Pass Offense. Brett Favre is either loved or hated. I appreciate that on 95% of plays, he is playing as well as any QB in the NFL, however, on the other 5% he takes risks that make him look like a rookie. So many NFL teams run such conservative offensive schemes, attempting perfect execution along with no turnovers, that their offenses are often anemic. Some teams look so much better in a hurry up offense that you wonder why they don't hurry up all the time. Favre is always running a hurry up offense, more often than not he is successful, but sometimes its a fiasco. Favre ended the season with his career best season completion percentage (65.4%), but he is likely to be remember this season for his jump ball interception in OT vs. Philadelphia. Favre's aggressive play created the most touchdown passes in the NFL (32) and the 3rd most interceptions (21). All those turnovers slipped his ranking to 16th among QBs and the pass offense to 11th. The offensive line was excellent in pass defense, allowing a sack only 18 times or 4.1% of their pass plays. There is room for improvement at wide receiver, Donald Driver was tops as the 25th best receiver in the NFL, while Javon Walker and Robert Ferguson were both top 40 and are likely to improve in 2004. The tight ends provided little to nothing all season, but I wouldn't be surprised to see Bubba Franks, David Martin, and Wesley Walls all return in 2004 and hopefully they can improve under a new tight ends coach. This unit should be excellent in 2004, maybe even better with improved receiver play, although Favre is unlikely to throw less than 20 interceptions.

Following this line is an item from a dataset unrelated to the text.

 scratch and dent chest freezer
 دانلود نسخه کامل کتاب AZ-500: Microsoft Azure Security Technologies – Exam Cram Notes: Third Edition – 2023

Run defense. This unit only got better as the season went on, due in large part to the signing of Grady Jackson. The Packers were the 5th best run defense on carries under 10 yards, however, they were below average at stopping runs for negative yards (20th) and preventing runs over 10 yards (22nd). Overall they were 11th in the NFL. The Packers were poor run blitzers last year and Edwards had some trouble tackling, the game in Chicago comes to mind. Maybe improvement by Marques Anderson as a run blitzer and a full season for him in run support will improve both areas. I wouldn't be surprised to see the Packers look for a new strong safety, the Packers briefly flirted with Sammy Knight last offseason, but I would be surprised to see wholesale changes on the defensive line and at linebacker.

Special Teams. With the exception of Ryan Longwell, who is perfect from within 45 yards on field goals and perfect on extra points, this entire unit could be revamped. Overall the unit was average and the 12th best unit in the NFL. Josh Bidwell is a free agent and I wouldn't expect him back, unless at a league minimum salary. Antonio Chapman had some moments as a kick and punt returner, but was not a factor. Davenport might be an exciting kick returner in 2004, if he is given the job, after watching him as a kick returner over the last few games. The kick coverage is desperate for a gunner to make an impact.